Work request — Please retype the entries exactly as they stand, leaving out any pictures.

---------------

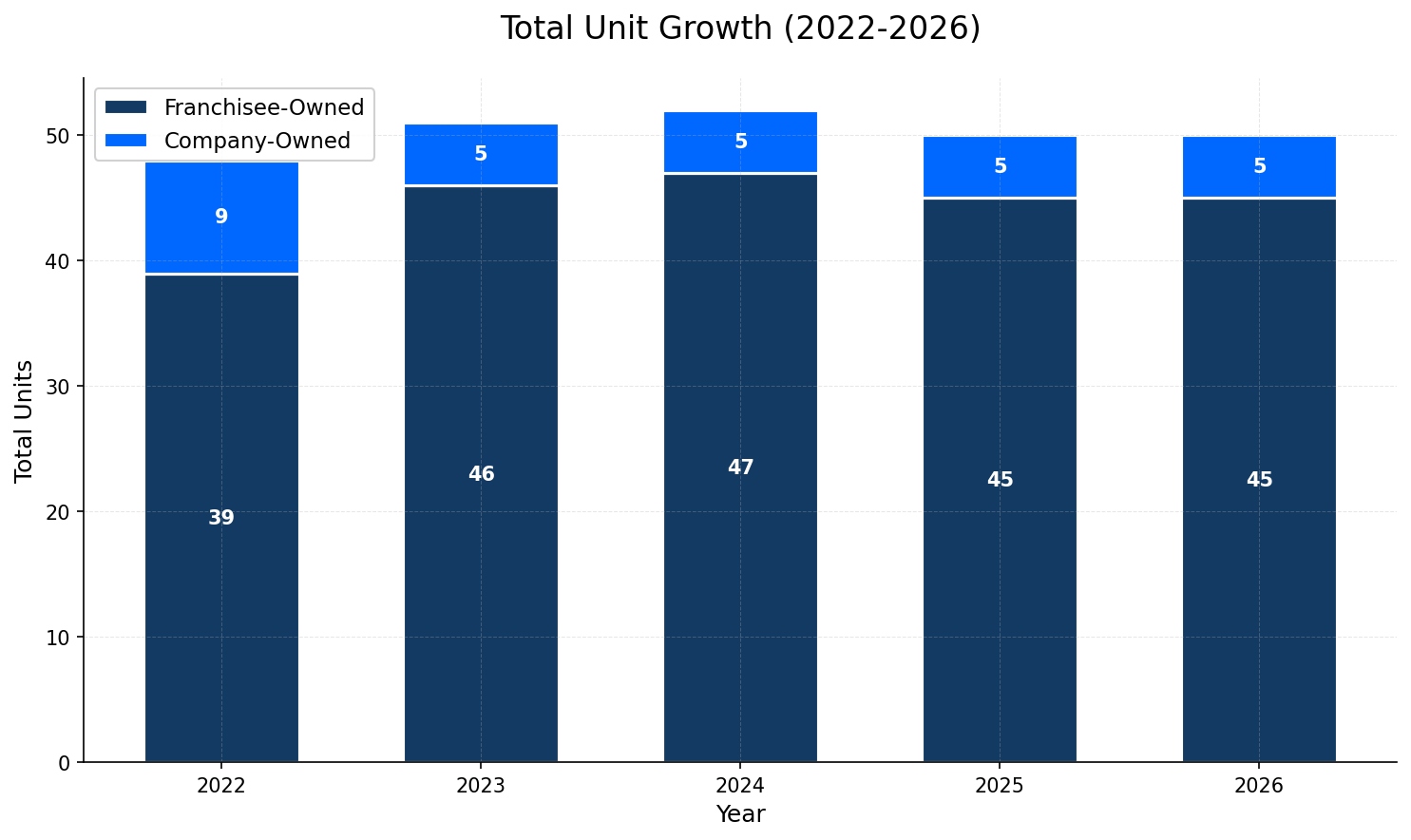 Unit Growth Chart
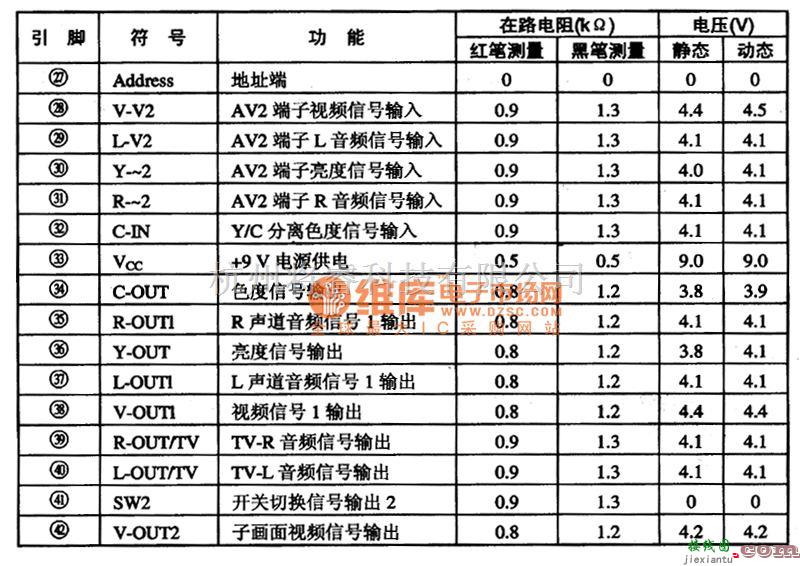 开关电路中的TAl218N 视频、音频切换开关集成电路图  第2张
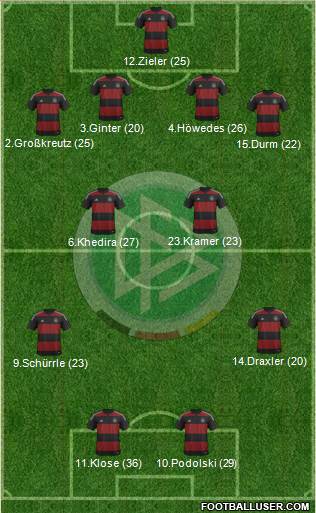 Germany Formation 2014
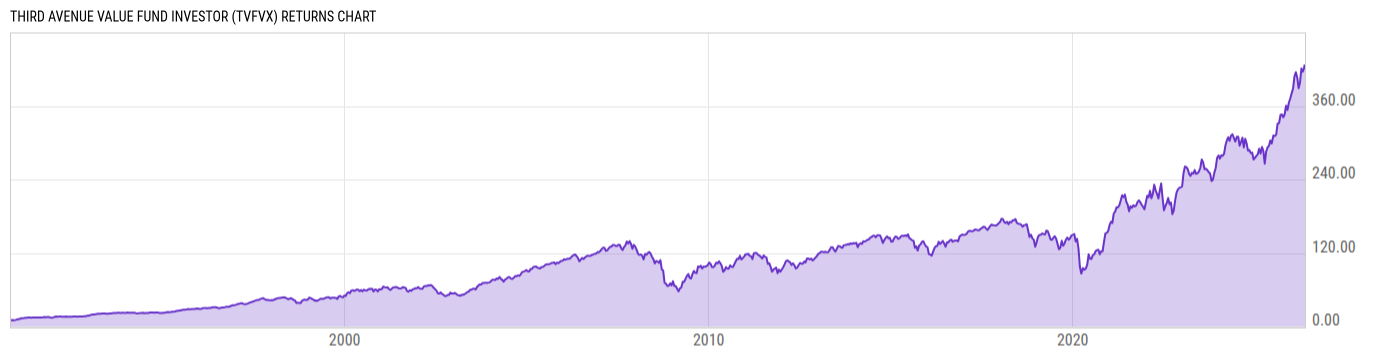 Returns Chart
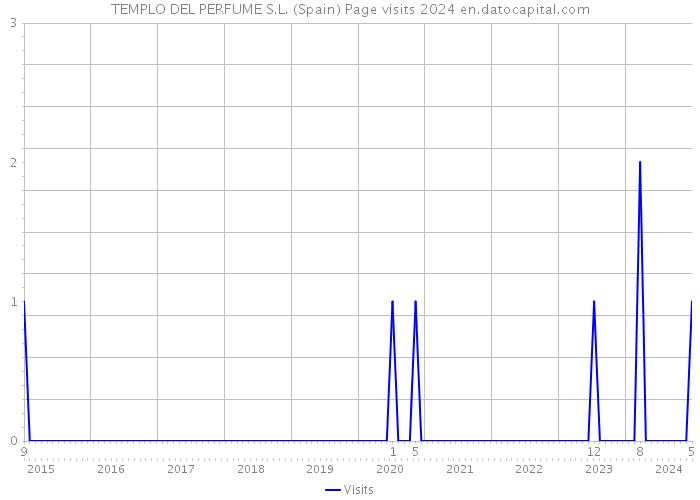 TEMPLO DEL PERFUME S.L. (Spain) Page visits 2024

---------------

Expected answer —
 Unit Growth Chart
 开关电路中的TAl218N 视频、音频切换开关集成电路图  第2张
 Germany Formation 2014
 Returns Chart
 TEMPLO DEL PERFUME S.L. (Spain) Page visits 2024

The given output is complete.